TASK PROMPT:
The required response is the number of lines in the entries that include the word "Style", with nothing added.

# # # # # # #

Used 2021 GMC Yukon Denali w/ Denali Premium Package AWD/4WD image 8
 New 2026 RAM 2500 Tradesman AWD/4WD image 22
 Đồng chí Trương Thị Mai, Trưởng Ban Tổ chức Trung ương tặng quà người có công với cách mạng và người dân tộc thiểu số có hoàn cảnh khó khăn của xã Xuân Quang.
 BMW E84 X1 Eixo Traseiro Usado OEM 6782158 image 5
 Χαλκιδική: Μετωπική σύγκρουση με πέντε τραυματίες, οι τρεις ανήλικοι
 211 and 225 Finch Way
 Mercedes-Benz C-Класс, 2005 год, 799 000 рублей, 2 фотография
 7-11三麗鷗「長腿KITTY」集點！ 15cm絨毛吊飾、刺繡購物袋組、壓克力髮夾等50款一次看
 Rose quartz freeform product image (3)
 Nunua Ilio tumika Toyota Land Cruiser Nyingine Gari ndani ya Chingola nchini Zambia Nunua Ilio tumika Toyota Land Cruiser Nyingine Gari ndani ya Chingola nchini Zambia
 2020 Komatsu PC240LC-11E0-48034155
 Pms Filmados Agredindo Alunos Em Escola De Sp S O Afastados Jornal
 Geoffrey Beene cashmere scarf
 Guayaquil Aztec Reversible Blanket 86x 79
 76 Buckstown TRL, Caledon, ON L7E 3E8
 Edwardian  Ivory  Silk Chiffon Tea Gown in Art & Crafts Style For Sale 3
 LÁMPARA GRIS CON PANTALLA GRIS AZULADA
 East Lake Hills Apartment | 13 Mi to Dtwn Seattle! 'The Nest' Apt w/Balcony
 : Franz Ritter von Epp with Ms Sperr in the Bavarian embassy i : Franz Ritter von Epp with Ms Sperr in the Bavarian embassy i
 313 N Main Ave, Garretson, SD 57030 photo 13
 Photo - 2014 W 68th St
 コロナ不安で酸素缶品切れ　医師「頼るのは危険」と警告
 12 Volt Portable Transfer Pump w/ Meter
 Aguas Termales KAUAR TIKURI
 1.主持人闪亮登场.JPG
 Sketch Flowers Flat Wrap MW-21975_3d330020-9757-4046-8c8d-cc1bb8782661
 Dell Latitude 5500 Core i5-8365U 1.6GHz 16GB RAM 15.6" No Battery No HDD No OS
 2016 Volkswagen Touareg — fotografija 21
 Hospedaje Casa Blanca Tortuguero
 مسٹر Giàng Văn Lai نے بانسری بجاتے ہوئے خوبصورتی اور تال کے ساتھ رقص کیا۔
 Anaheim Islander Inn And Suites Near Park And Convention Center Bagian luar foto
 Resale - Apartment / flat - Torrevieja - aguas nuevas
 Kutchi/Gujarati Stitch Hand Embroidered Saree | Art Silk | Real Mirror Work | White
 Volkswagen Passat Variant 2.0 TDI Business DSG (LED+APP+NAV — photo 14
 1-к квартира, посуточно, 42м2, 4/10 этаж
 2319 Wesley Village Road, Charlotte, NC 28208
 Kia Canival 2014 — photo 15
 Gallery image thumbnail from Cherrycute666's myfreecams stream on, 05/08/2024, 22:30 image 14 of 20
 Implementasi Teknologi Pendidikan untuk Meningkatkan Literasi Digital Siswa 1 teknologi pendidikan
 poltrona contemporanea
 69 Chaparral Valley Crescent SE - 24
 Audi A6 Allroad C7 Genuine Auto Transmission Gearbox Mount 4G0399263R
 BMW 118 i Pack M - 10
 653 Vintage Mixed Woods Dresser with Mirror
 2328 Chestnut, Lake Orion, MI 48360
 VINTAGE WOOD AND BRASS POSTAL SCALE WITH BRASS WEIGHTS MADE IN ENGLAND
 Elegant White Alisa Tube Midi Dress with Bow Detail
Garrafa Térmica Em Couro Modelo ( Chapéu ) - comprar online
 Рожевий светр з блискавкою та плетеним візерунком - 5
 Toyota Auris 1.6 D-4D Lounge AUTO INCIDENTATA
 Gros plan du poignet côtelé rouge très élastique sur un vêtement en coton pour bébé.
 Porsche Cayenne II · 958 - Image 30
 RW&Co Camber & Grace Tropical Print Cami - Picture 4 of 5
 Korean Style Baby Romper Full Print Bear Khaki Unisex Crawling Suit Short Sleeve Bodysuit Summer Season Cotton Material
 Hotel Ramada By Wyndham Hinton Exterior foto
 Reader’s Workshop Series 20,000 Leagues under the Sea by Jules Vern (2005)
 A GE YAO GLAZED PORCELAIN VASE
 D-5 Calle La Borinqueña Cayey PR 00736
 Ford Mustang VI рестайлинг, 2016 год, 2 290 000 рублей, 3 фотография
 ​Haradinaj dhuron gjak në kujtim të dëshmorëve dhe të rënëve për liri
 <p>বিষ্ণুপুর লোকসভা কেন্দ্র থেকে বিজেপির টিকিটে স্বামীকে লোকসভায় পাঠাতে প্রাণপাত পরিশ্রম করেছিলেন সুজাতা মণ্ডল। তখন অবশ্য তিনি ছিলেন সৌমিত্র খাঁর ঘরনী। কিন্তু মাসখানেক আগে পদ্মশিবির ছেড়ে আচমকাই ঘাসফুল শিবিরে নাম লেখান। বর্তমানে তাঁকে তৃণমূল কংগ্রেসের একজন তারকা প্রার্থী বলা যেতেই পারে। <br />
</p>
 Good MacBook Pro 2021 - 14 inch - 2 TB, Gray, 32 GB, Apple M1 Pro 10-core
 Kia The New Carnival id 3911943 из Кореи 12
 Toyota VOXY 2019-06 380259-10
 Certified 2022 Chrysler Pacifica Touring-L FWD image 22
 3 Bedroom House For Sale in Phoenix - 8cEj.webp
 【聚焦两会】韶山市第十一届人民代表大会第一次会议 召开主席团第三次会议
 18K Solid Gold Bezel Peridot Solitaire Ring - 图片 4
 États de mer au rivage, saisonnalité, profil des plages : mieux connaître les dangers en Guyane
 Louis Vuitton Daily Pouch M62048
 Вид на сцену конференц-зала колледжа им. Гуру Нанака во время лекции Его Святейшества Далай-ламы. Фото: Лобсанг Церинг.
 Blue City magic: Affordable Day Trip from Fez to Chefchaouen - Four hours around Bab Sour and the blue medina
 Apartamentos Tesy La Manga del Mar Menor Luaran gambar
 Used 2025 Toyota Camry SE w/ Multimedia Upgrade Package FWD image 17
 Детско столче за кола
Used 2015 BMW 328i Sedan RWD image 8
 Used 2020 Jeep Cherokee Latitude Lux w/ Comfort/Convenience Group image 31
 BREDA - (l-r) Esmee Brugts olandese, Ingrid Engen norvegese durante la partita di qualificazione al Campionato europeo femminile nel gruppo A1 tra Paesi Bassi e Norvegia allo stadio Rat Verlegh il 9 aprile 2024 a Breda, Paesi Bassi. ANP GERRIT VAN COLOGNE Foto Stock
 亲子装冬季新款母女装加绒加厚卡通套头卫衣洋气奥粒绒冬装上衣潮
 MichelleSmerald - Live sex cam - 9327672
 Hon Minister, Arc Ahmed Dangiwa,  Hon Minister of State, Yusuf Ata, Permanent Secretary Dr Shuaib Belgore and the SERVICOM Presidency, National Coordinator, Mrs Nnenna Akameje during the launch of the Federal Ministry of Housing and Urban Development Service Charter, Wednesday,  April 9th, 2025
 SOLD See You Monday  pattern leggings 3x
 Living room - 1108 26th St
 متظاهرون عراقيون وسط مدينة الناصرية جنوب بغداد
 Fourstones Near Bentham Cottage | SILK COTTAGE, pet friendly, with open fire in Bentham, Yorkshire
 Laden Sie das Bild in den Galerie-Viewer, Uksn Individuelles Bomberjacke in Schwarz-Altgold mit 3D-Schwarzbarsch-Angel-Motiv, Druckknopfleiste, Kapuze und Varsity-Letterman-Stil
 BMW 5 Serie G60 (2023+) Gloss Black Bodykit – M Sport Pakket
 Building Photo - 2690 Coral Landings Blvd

# # # # # # #

EXERCISE RESPONSE:
2